Saturday, March 17, 2007

I've had fifteen bike punks staying at my house all week. They came from as far as Portland starting Friday and have been drinking up a storm. On Wednesday, we went on a ride that ended at one of the large bascule-trunnion bridges that Chicago is so famous for. Well, I say the ride "ended" there- but only because "the broken leg hides in the last caper".

Bascule-trunnion bridges use a pit system, where the bridge's large concrete counterweight sinks down below the level of the river. This allows a five-story bridge to be lifed with a 100 hp motor. Because of the way the bridge lifts, when the bridge goes up all the litter on it rains down into the pit. The pit beneath this bridge was full of 100 years of garbage and whatever sewage from the river had spilled over in high waters:



To get under this bridge you had to shimmy down a foot-wide ledge and swing around a large spiked gate designed to keep you out. Somehow, one of our guys ("J") managed to make it despite the fact that he was (unknown to us) very, very intoxicated. As the group climbed out over the girders beneath the bridge, J suddenly disappeared from view and fell into the darkness below. The drop was about two stories. Somebody shined a flashlight down there and saw him laying twisted on his back, sinking in the icy garbage water.

I ran down the stairs to the pit.

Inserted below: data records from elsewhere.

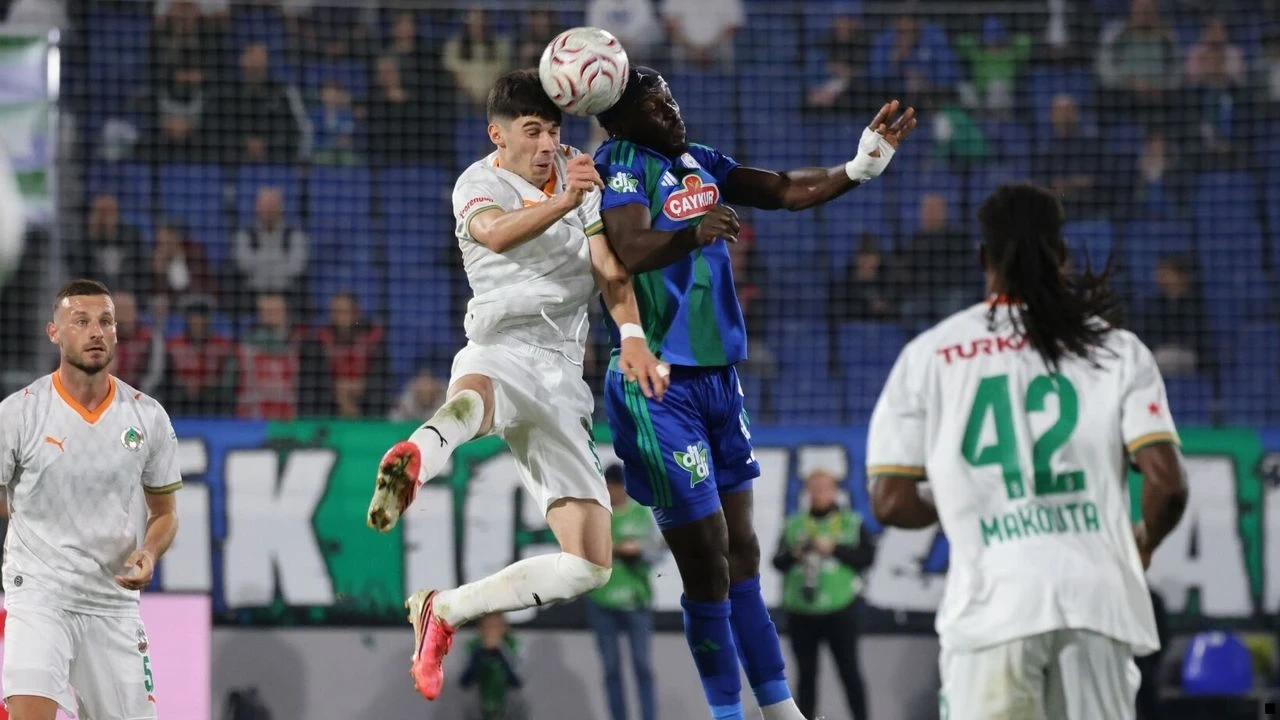 Alanyaspor, Rize'de Tek Golle Kazandı - Antalya Haber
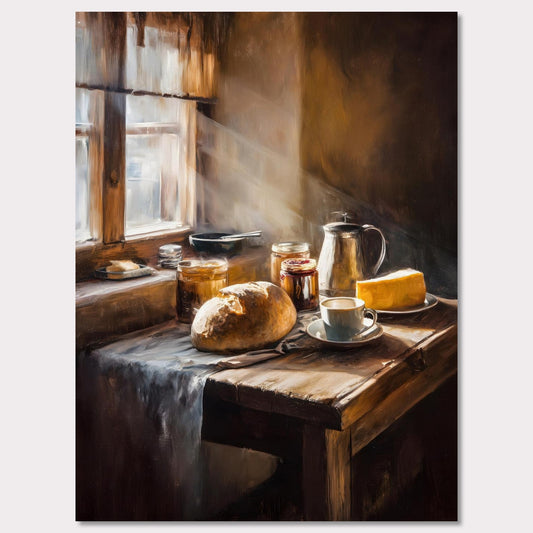 Poster titled 'Loaf and Lightbeam' from ArtDarts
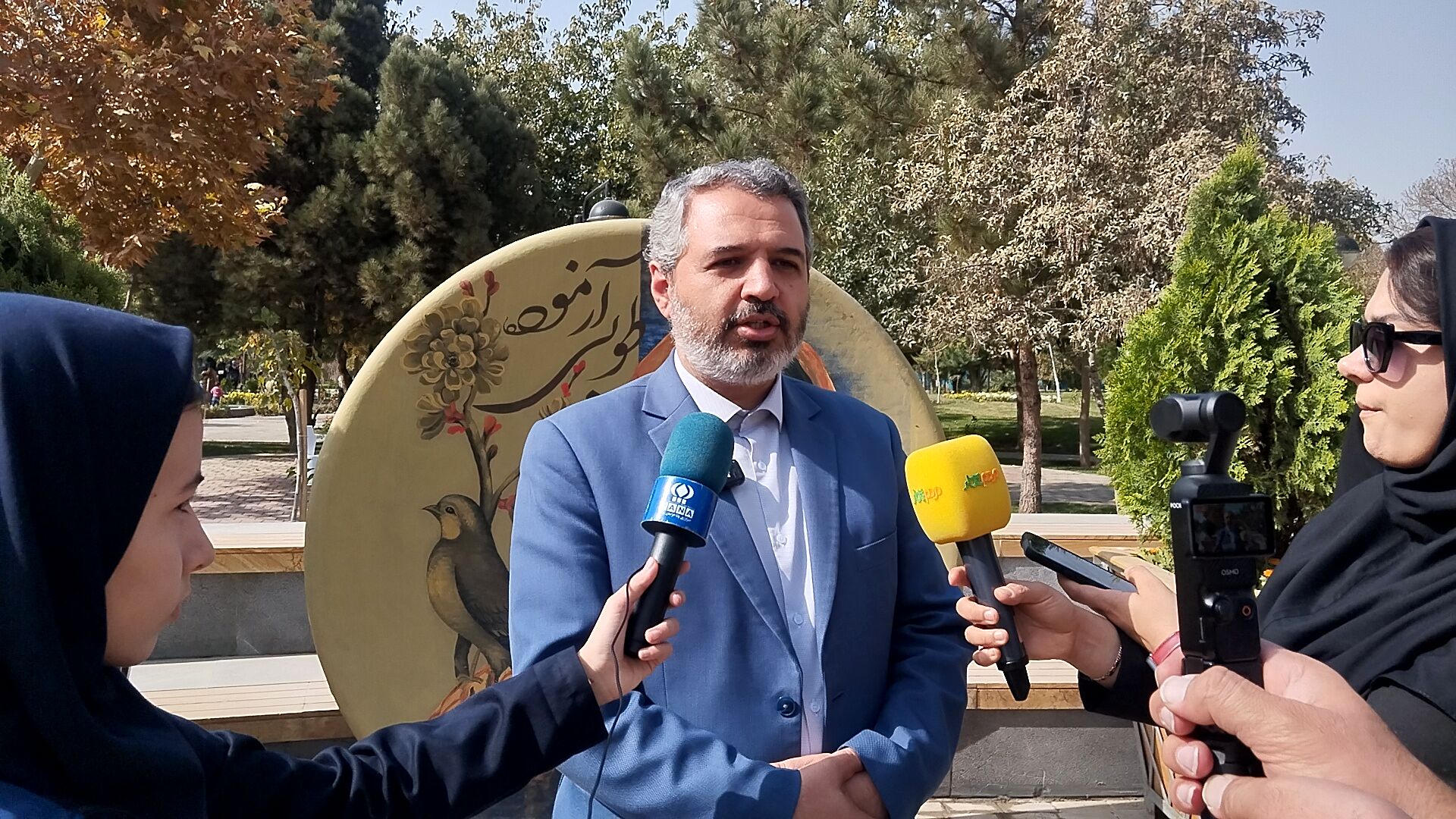 افتتاحیه پارک شهربانوی بسیج پارک بانوان در مشهد مقدس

J was in there laying on a large slab of ice in about four inches of water- the whole pit had frozen over, then begun to melt and was separated from the sides. As I stepped out onto the slab it tilted and began to sink. The smell was awful- it was just like the garbage compactor scene in Star Wars. When I reached him, I tried to help him but he began to clutch at me and drag me down as a drowning person does. We wrestled in the icy garbage water and I stopped trying to help him out and just dragged him out by one arm. I couldn't touch bottom except on the slab.

We carried him as far as the ledge but he would have to walk the rest of the way. He was sleepy and fading from being in the ice water. We yelled and screamed at him to get up. Eventually he did and somehow we managed to swing him around the gate, grabbing only the bricks for our purchase.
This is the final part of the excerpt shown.